This is a way of doing multiplication of large numbers that I learned today. It allows the multiplication below \(O(n^2)\) complexity.

Consider the simple case of two multiple digit decimal numbers, written in the form of \(a\times 10^k+b\) and \(c\times 10^k + d\) for some positive integer \(k\). Then their product is

\[ac\times 10^{2k} + (ad+bc)\times 10^k + bd\]

But we can find that \((a+b)\times (c+d) = ac+ad+bc+bd\) so we can simply calculate the product by the algorithm below:

  1. Multiplication: \(ac\) and \(bd\)
  2. Addition: \(a+b\) and \(c+d\)
  3. Multiplication: \((a+b)\times(c+d)\)
  4. Subtraction: \(ad+bc = (a+b)(c+d) - ac - bd\)
  5. Addition, with digit shifting: \(ac\times 10^{2k} + (ad+bc)\times 10^k + bd\)

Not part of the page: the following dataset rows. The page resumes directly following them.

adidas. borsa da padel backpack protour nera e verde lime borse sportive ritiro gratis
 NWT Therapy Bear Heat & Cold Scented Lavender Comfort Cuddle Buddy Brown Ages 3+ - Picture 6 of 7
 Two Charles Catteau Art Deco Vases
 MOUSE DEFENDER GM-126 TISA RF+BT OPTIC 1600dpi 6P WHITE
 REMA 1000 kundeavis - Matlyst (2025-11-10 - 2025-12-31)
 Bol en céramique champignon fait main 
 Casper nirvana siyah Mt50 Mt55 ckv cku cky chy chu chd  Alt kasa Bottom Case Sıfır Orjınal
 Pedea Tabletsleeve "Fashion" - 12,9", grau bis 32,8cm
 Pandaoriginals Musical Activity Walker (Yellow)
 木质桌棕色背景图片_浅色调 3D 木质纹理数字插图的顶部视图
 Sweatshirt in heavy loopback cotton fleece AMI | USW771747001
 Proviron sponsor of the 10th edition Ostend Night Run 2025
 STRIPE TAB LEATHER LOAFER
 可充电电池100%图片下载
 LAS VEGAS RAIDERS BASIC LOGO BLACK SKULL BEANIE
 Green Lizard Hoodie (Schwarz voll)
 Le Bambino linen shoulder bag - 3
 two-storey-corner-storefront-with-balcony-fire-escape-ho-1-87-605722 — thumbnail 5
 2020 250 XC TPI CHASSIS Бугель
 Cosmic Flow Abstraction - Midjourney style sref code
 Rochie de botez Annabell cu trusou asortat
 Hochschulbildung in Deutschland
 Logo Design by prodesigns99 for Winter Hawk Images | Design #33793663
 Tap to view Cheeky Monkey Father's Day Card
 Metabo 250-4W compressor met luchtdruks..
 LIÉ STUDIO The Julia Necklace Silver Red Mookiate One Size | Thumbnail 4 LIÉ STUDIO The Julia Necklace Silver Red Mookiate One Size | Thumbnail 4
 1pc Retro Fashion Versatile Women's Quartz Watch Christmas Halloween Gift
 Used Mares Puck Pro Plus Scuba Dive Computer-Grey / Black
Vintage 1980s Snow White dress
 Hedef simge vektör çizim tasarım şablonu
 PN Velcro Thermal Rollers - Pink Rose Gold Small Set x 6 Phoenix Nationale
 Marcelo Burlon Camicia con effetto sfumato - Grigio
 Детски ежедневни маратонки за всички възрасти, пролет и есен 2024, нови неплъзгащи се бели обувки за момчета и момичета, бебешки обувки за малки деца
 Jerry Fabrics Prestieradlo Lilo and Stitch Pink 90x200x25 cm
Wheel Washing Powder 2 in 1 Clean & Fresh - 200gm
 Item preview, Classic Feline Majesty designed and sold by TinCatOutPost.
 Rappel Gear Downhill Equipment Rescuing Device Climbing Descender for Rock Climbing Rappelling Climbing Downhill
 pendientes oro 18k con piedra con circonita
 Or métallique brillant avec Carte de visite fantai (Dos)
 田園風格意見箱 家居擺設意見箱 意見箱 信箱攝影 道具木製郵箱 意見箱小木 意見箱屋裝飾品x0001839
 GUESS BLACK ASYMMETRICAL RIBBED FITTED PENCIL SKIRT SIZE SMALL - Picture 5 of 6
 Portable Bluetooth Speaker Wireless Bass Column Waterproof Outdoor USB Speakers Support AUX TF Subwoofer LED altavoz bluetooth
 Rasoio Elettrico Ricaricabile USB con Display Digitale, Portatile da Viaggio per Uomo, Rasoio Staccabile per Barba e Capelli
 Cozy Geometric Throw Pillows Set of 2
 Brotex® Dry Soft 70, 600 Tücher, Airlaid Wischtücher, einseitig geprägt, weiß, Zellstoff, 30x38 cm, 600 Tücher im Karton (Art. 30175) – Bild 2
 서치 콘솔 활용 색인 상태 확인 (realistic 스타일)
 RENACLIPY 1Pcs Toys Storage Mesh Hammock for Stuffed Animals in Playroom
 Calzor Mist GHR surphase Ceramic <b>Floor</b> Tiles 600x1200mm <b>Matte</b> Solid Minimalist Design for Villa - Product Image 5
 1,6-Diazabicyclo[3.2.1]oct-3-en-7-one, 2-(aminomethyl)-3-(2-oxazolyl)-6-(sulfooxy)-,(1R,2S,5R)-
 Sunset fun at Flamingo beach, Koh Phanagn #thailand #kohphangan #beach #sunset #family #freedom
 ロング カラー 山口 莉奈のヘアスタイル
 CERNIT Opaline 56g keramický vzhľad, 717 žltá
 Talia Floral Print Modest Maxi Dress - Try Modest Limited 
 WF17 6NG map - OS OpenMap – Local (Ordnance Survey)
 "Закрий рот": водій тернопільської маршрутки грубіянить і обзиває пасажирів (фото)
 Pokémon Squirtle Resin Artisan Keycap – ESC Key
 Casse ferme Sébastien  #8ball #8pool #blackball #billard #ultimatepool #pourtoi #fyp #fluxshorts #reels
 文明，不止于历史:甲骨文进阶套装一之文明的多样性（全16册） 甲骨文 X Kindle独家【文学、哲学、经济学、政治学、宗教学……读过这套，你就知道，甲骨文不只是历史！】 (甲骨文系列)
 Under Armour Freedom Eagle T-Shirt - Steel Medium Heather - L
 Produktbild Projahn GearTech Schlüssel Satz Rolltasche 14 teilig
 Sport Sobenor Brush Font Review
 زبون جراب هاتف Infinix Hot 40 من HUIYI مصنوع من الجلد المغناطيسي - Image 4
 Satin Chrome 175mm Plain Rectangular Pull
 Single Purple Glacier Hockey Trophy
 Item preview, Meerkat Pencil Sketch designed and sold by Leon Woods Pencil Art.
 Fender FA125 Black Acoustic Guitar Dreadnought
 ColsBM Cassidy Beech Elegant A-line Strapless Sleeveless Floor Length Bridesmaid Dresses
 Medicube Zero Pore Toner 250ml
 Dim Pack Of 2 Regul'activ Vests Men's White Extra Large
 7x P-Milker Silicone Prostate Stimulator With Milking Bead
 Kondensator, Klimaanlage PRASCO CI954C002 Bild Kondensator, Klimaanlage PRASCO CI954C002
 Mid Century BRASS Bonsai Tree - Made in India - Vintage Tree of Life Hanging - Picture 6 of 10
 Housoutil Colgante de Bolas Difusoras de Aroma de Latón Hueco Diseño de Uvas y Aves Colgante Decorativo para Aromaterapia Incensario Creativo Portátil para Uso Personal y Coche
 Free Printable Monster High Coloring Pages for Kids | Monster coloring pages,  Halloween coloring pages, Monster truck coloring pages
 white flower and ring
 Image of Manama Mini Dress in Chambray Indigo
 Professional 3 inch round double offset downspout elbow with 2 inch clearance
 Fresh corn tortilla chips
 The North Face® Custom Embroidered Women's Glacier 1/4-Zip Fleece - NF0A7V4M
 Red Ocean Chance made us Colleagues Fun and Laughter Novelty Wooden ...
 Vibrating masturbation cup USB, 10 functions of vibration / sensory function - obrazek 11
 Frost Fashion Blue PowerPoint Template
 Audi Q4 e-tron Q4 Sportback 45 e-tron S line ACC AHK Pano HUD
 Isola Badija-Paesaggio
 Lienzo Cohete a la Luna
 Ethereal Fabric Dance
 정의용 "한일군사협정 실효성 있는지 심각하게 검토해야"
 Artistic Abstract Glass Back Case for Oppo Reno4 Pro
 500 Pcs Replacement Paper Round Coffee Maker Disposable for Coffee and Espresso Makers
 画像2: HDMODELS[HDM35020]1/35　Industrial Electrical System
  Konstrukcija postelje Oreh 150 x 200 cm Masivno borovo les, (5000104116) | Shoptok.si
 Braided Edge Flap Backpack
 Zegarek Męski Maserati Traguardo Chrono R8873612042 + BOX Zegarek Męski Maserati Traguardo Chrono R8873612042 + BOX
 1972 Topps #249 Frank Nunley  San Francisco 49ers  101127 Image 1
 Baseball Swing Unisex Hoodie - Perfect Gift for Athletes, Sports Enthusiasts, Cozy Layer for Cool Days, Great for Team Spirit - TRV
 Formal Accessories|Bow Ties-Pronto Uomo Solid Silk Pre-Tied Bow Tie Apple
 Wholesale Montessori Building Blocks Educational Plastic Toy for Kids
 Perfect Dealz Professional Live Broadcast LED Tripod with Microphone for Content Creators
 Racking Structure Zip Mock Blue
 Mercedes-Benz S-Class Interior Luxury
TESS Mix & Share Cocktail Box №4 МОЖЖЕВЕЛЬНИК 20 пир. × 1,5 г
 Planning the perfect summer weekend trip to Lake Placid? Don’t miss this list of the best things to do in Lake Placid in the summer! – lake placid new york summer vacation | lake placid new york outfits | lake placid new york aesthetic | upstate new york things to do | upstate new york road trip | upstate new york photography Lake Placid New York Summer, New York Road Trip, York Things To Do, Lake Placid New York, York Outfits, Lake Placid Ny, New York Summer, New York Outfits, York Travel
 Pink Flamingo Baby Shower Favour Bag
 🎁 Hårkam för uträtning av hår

So if each of \(a,b,c,d\) are of \(k\) digits, the naive multiplication will do \((2k)^2\) single-digit multiplications. The Karatsuba method will do:

  1. \(2k^2\) single-digit multiplication
  2. \(2k\) single-digit addition
  3. \(k^2\) single-digit multiplication
  4. \(2k\) single-digit subtraction, twice
  5. \(2k\) single-digit addition, twice

So a total of \(3k^2\) multiplications and \(10k\) addition/subtractions, which is an obvious reduction from \(4k^2\) multiplications. Recursive application gives a complexity of \(\Theta(n^{\log_2 3})\) for multiplying two \(n\)-digit numbers.

Generalizing the Karatsuba method, we can assume the two numbers are of the form \(a\times p^k+b\) and \(c\times p^k+d\) for a \(p\)-ary number. But we need both \(b\) and \(d\) to be \(k\) digits to apply this method.

If we do not only split a \(n\)-digit number into two, like above, but \(m\ge 2\) numbers, then we have the Toom-Cook multiplication, of complexity \(\Theta(c(m)n^\epsilon)\) where \(c\) the complexity of addition of small constants, \(n^\epsilon\) the time for sub-multiplication; \(\epsilon = \log(2m − 1) / \log(m)\)